Que se projectaram muito para além do movimento. E muito para além até,
de Portugal. Temos vários dirigentes comunistas. O Carlos Costa, o
Ângelo Veloso, o Carlos Aboim Inglez, o Aurélio Santos, o Domingos
Abrantes, a Maria da Piedade Morgadinho, o Ilídio Esteves, o António
Abreu (Pai), o Areosa Feio, o Hernâni Silva, o João Honrado. Isto sem
falar no Mário Soares, no Salgado Zenha e noutros mais de outras
tendências. E estou a falar em apenas alguns…
Dos principais movimentos de libertação das antigas colónias, há
dirigentes que foram presos como militantes do MUD Juvenil. São os
casos do Agostinho Neto, do Lúcio Lara, dirigente do MPLA e do governo
angolano, do Vasco Cabral, da Guiné-Cabo Verde, do Marcelino dos
Santos, de Moçambique.
Até tens este documento da Comissão Central do MUDJ, com a data de
Outubro de 53, "Carta aos Jovens Coloniais de Lisboa", que fala da
estada de jovens de Moçambique, de Angola, de Goa, da Guiné, de S.Tomé
e de Cabo Verde, em festivais mundiais da juventude. E refere a certa
altura "Reconhecemos aos povos das colónias portuguesas o direito à sua
independência nacional". Isto em 53!
Recordas-te da Semana da Juventude que agora se vai comemorar?
Foi uma Semana enquadrada numa realização desencadeada a nível
internacional pela Federação Mundial da Juventude Democrática. Em
Portugal, envolveu numerosas iniciativas – passeios, excursões,
confraternizações, exposições de arte – por exemplo na Sociedade
Nacional de Belas Artes, que foi encerrada nessa altura. Isto
estendeu-se à margem sul, à zona de Sintra, em Lisboa houve várias
realizações, em Coimbra, no Porto. E no Algarve houve a jornada de
Belamandil, com milhares de pessoas, chegou a meter a GNR, tanques, os
fascistas ficaram assustadíssimos…
Perante estas acções, o fascismo desencadeia uma acção repressiva em
que é presa toda a Comissão Central do MUD Juvenil, menos eu, que me
encontrava numa situação semi-clandestina. Mas imediartamente a
Comissão é substituída por outra, provisória. E a seguir começam a ser
presos jovens às centenas, em todo o País. Mas se uma comissão que era
presa, no dia seguinte aparecia uma comissão provisória, para continuar
a luta.
Tu próprio, dirigente do MUD Juvenil, foste um dos mais jovens dirigentes do Partido nessa época. Qual foi o teu percurso?

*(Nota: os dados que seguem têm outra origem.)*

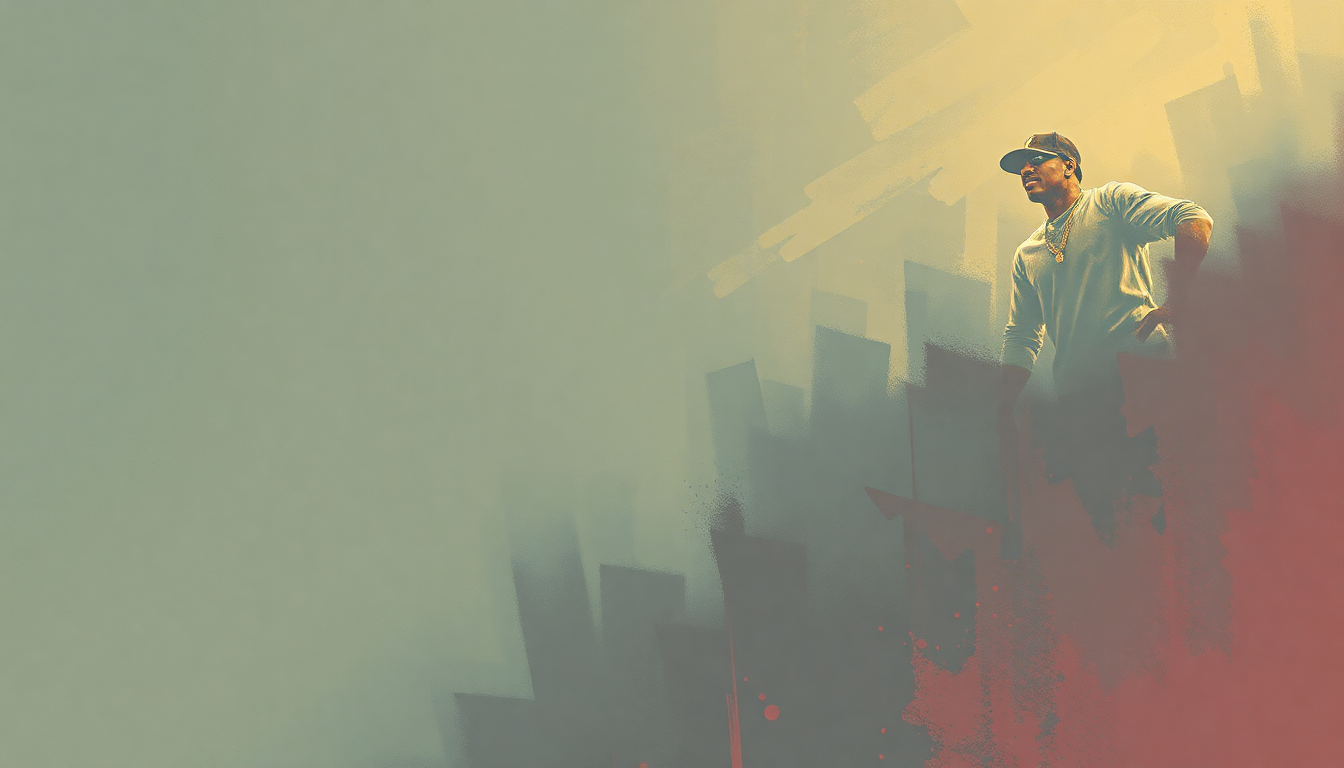 Fan-driven abstract illustration evoking the emotional arc of Watch the Throne by Jay Z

Eu entrei para o Partido – para a FJCP, mas nessa época era a mesma
coisa – com 16 anos, em 1941, no período da reorganização, na altura em
que as tropas nazis invadiam a União Soviética, um período negro em que
se pensava que o nazismo ia dominar o mundo inteiro. Entrei para o
Partido em Vila Franca de Xira, a minha terra, trabalhava já na
sapataria desde os 14 anos, onde era mais operário do que empregado.
Com 20 anos vim para funcionário do Partido. Em 1945. Em 48 fazia parte
da Direcção Regional de Lisboa, juntamente com o Manuel Rodrigues da
Silva, o Soeiro Pereira Gomes e o António Dias Lourenço.
Em 49 fui cooptado para membro suplente do Comité Central, com 24
anos. E em 1952, com 27 anos, era membro do Secretariado do CC. Até ter
sido preso, em Dezembro de 1961.
E já agora, que falamos de juventude. Como vês hoje a necessidade do rejuvenescimento do Partido?
Sabes que isso não é uma tarefa de hoje ou de amanhã. A necessidade
de rejuvenescimento é uma constante. E que há sempre que dar atenção à
firmeza ideológica e política dos quadros e não nos basearmos apenas
naquilo que eles possam parecer. Mas sem audácia na promoção de quadros
jovens não há a necessária renovação do Partido.